A team of Lawrence Livermore National Laboratory (LLNL) materials and computer scientists developed machine learning tools that extract and structure information from the text and figures of nanomaterials articles using state-of-the-art natural language processing, image analysis, computer vision and visualization techniques.

They are applying this technique to COVID-19 literature to determine if information extracted from that large body of literature can aid in accelerating COVID-19 research.

Nanomaterials are widely used at LLNL and in industry for many applications from catalysis to optics to additive manufacturing. The combination of nanomaterials’ shape, size and composition can impart unique optical, electrical, mechanical or catalytic properties needed for a specific application. However, synthesizing a specific nanomaterial and scaling up its production is often challenging because a small change in the process or the addition of a specific chemical can have a dramatic effect on what is made. These effects are only discovered by time-consuming trial-and-error experimentation and reading reported experiments in the scientific literature, which together build experts’ intuition.

The new machine learning tools have enabled the creation of a personalized knowledge base for nanomaterials synthesis that can be mined to help inform further development. Starting with approximately 35,000 nanomaterials-related articles, the team developed models to classify articles according to the nanomaterial composition and morphology, extract synthesis protocols from within the article text and extract, normalize and categorize chemical terms within synthesis protocols.
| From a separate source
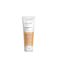 Re/Start Repair Reparing Melting Conditioner 200 ml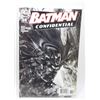Image 1 : #1218 Detective Comics Batman Confidential #34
“These tools and information can be used to identify trends in nanomaterials synthesis, such as the correlation of certain reagents with various nanomaterial morphologies, which is useful in guiding hypotheses and reducing the potential parameter space during experimental design," said Anna Hiszpanski, the lead author of the paper appearing in the Journal for Chemical Information and Modeling.

In addition to processing articles’ text, microscopy images of nanomaterials within the articles also are automatically identified and analyzed to determine the nanomaterials’ morphologies and size distributions. To enable users to easily explore the database, a complementary browser-based visualization tool also was developed that provides flexibility in comparing across subsets of articles of interest.

“While the focus of our work was on the synthesis of nanomaterials, the framework in terms of model selection and training methodology can be used for extracting other targeted data of interest from scientific articles in other materials and chemistry subfields and beyond,” said principal investigator of the project Yong Han.

Other LLNL contributors include: Brian Gallagher, Karthik Chellappan, Peggy Li, Shusen Liu, Hyojin Kim, Jinkyu Han, Bhavya Kailkhura and David Buttler. This work was funded by LLNL’s Laboratory Directed Research and Development program.